While animal agriculture is often a target in the climate change battle, recent research shows livestock could play an important role in reducing CO2 emissions.
“Regenerative agriculture” or “carbon farming” is the practice of raising livestock or crops in a way that sequesters carbon and maximizes soil health. This can include no-till, cover crops, crop rotations, using fewer chemicals and fertilizers, and incorporating rotational livestock grazing. Soils are a natural carbon vacuum, since plants absorb CO2 as they grow and push extra carbon into the dirt through their roots.
For livestock farmers, carbon sequestration usually focuses on rotational grazing. Animals are frequently moved between paddocks with time between grazings built in for plant recovery. The more green matter a plant grows, the more sunlight it can process through photosynthesis and the longer its roots will be. Rotational grazing mimics the way that herds of bison migrated through North America’s grasslands centuries ago.
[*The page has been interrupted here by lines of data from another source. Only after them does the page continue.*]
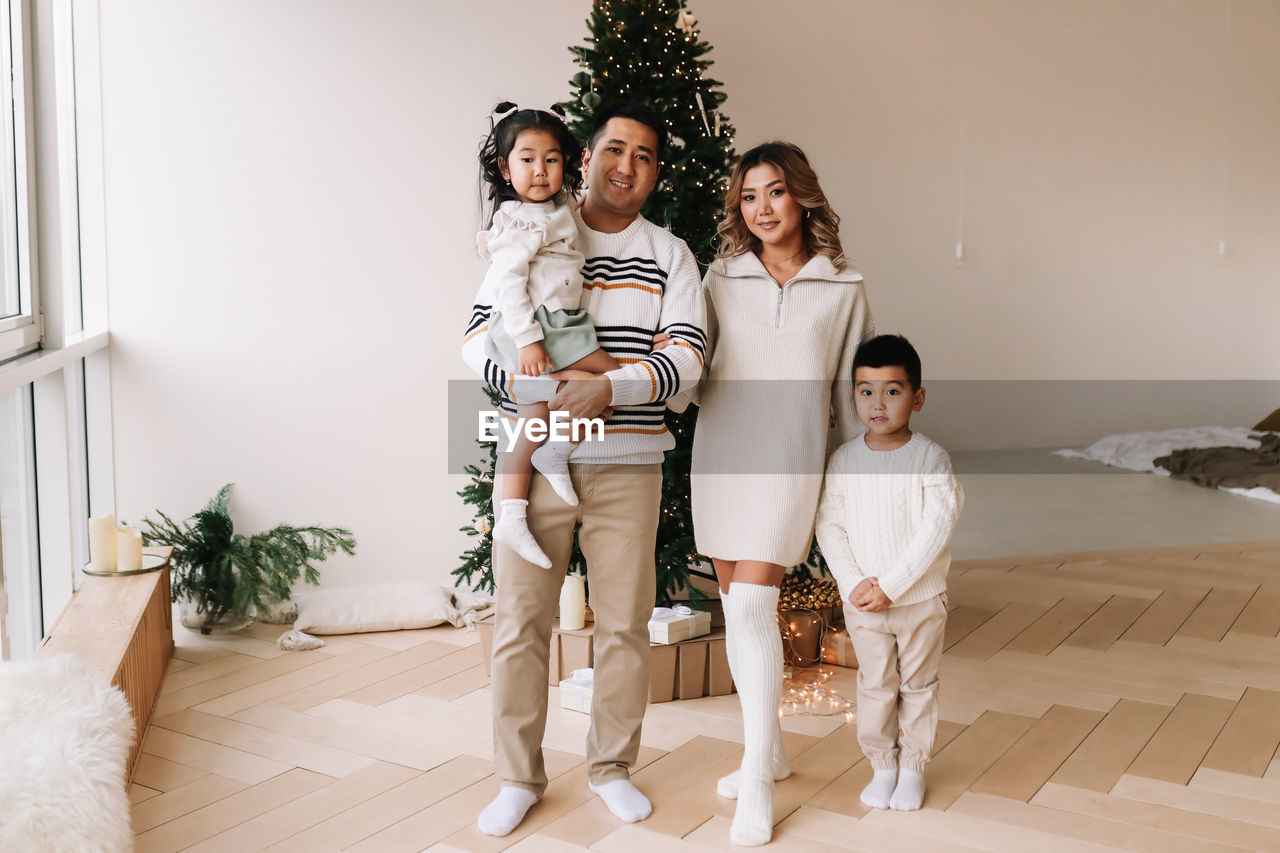 An asian multi-racial family with two children celebrate the christmas holiday in a decorated house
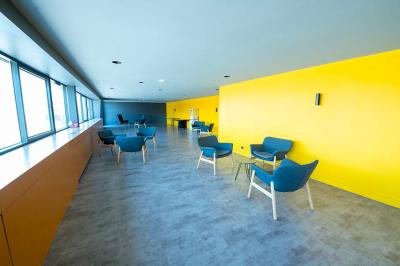 Salle lumineuse avec murs jaunes et gris, mobilier moderne espacé, grandes fenêtres laissant entrer la lumière naturelle.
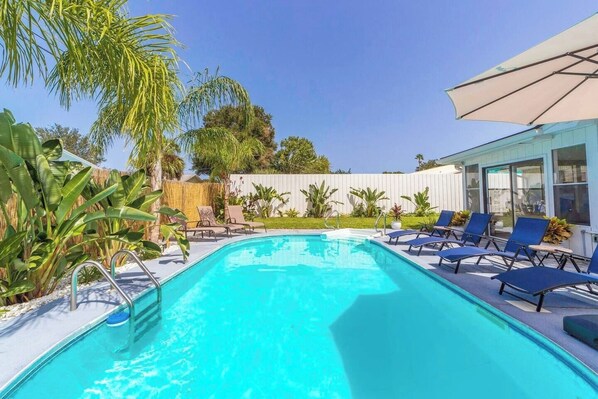 Relaxing pool oasis with lush palm trees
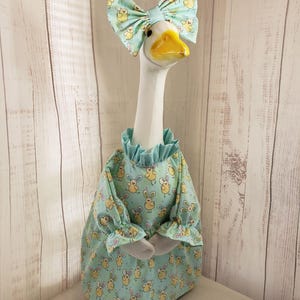 May include: A ceramic goose figurine wearing a light blue dress and bow with a yellow bunny print. The goose has a yellow beak and is wearing a ruffled collar. The dress has long sleeves and gray felt hands.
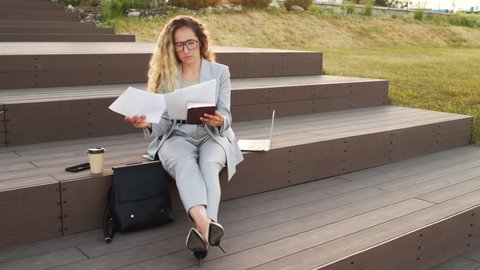 Slowmo stab shot of attractive young businesswoman with long curly blond hair wearing smart casualwear and eyeglasses looking at documents and working on laptop sitting on stairs outdoors at sunset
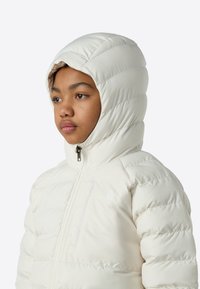 Λευκό μπουφάν με επένδυση και κουκούλα, με κεντρικό φερμουάρ, καπιτονέ υφή και λογότυπο στην πάνω αριστερή περιοχή.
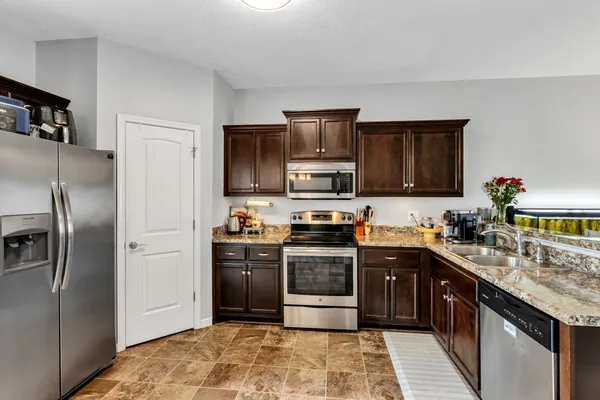 a kitchen with stainless steel appliances granite countertop a stove top oven a refrigerator and a sink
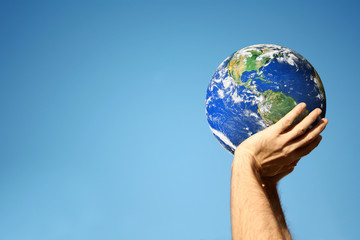 an image of hands holding globe and sky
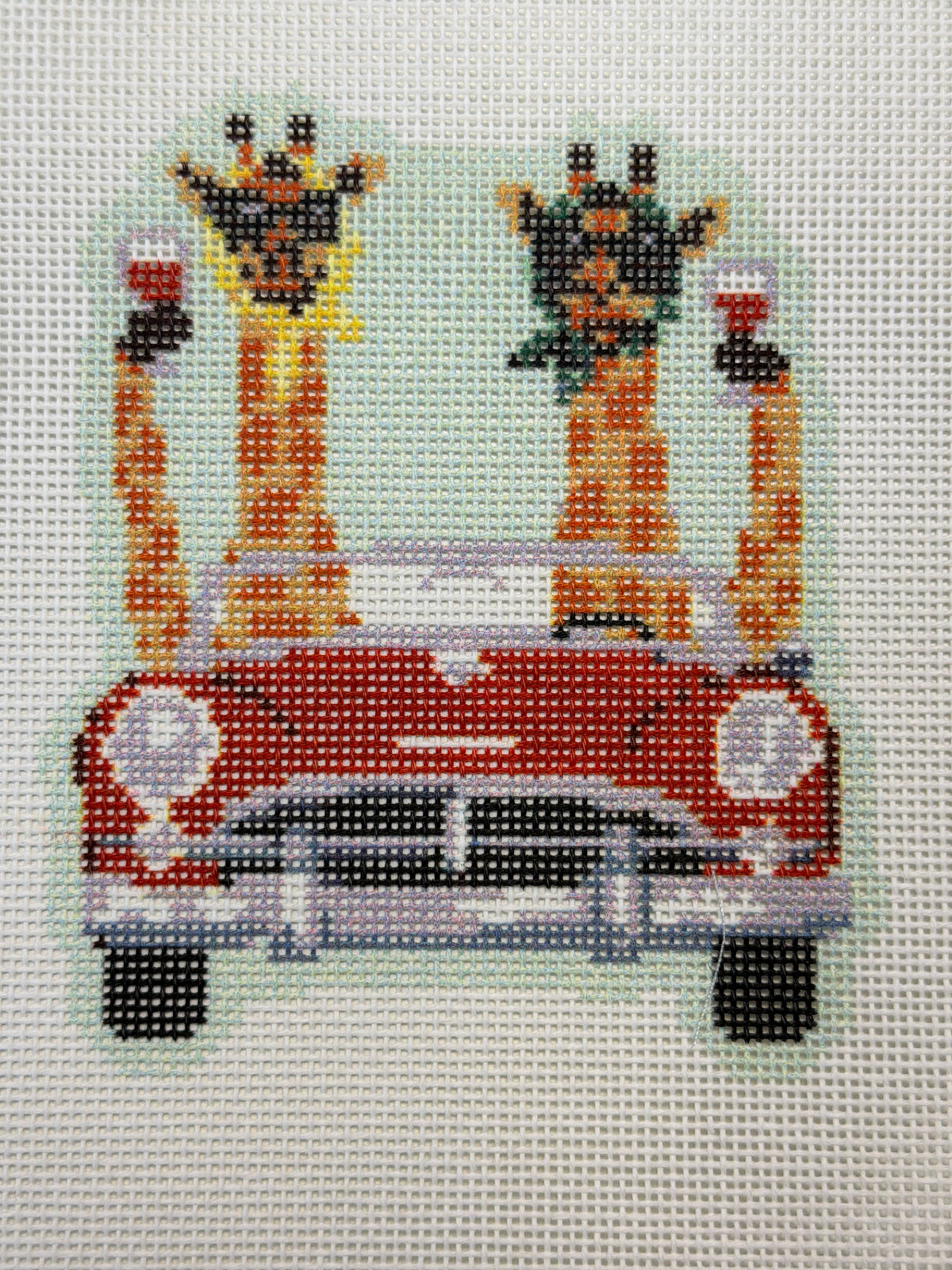 Beaded giraffe artwork with red vehicle and two giraffe figures
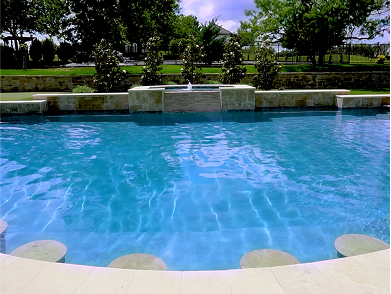 Fire pit with brown glass rocks, next to a pool with a blue surface.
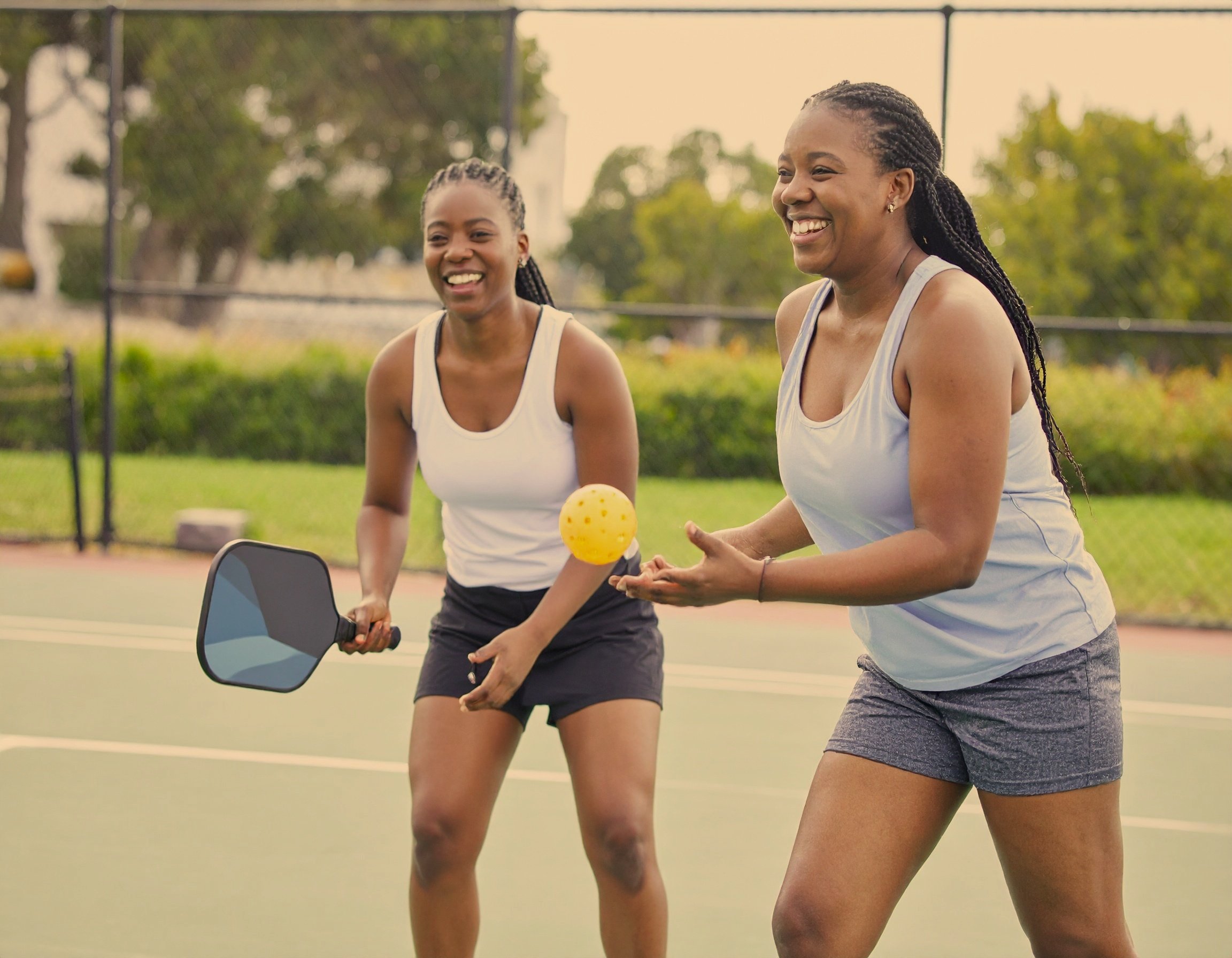 Firefly_two+black+women+playing+pickle+ball+outside+335512.jpg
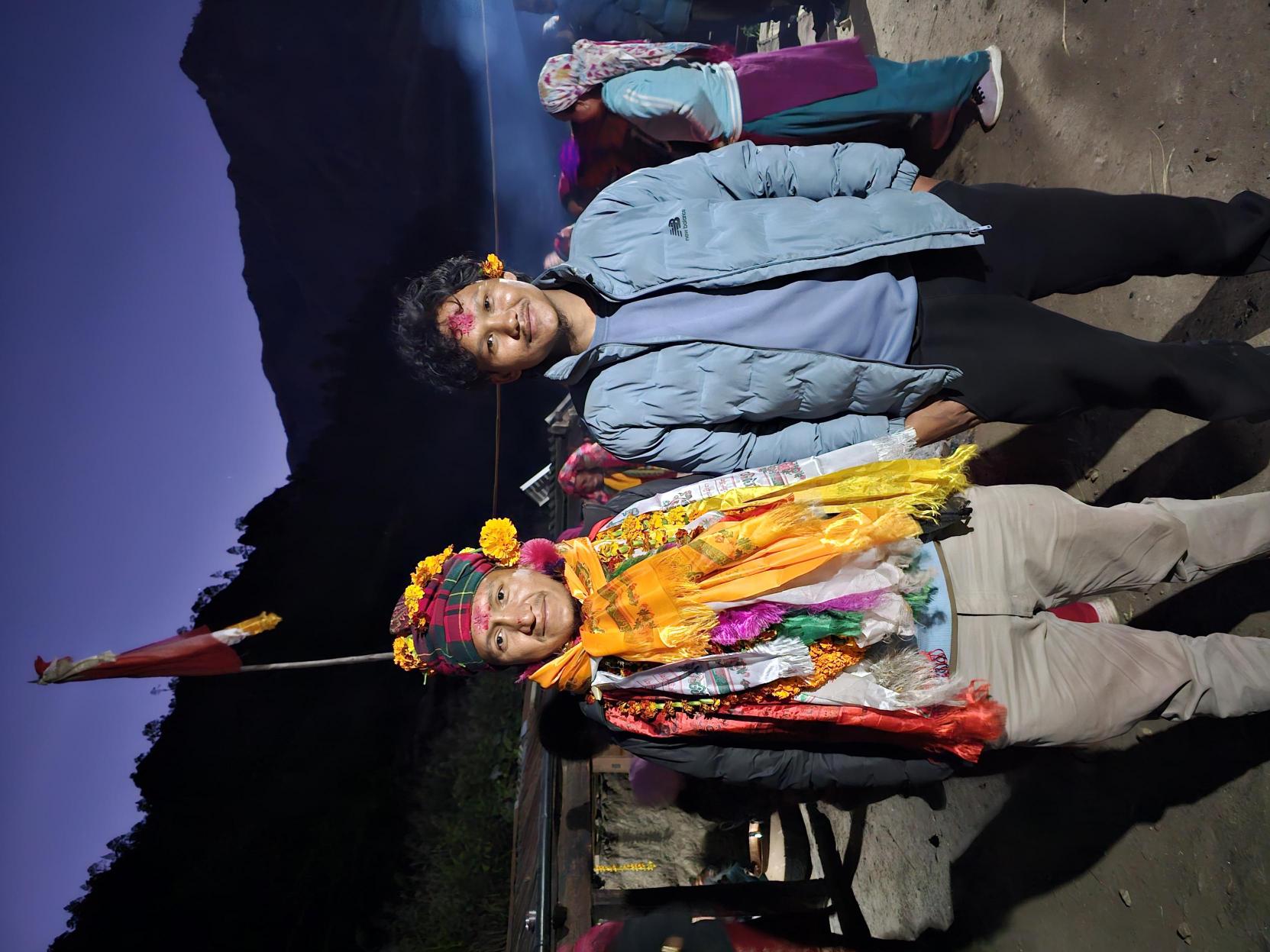 Festival celebration at night with traditional dress and marigold garlands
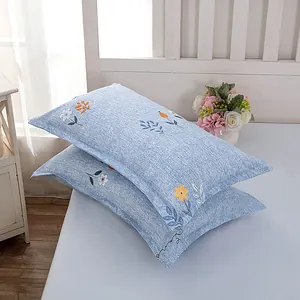 Detail of blue cotton-feel pillowcases with elegant floral pattern for home decor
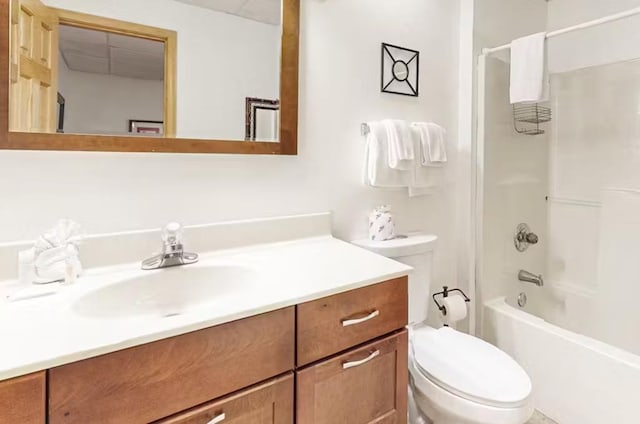 full bathroom featuring shower / bathing tub combination, vanity, and toilet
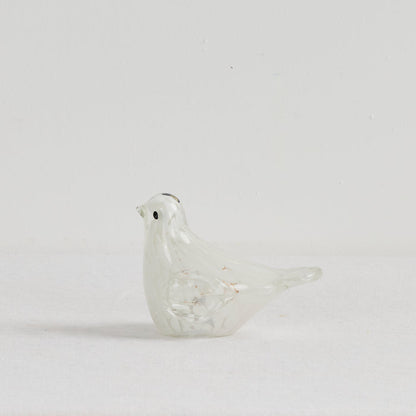 Glass bird figurine on a light gray background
As herds graze, manure and plant matter are trampled into the ground where they break down and enrich the soil’s network of microbial life. Increasing the carbon content of soil can aid plant growth, increase organic matter in soil, increase water retention capability, and ultimately can mean the soil requires less fertilizer.
While the tenets of carbon farming are as old as agriculture itself (rotating livestock and crops, mimicking bison herds, etc.), “regenerative agriculture” is still a new field. More companies and governments are seeing the benefit and are willing pay farmers to adopt these practices.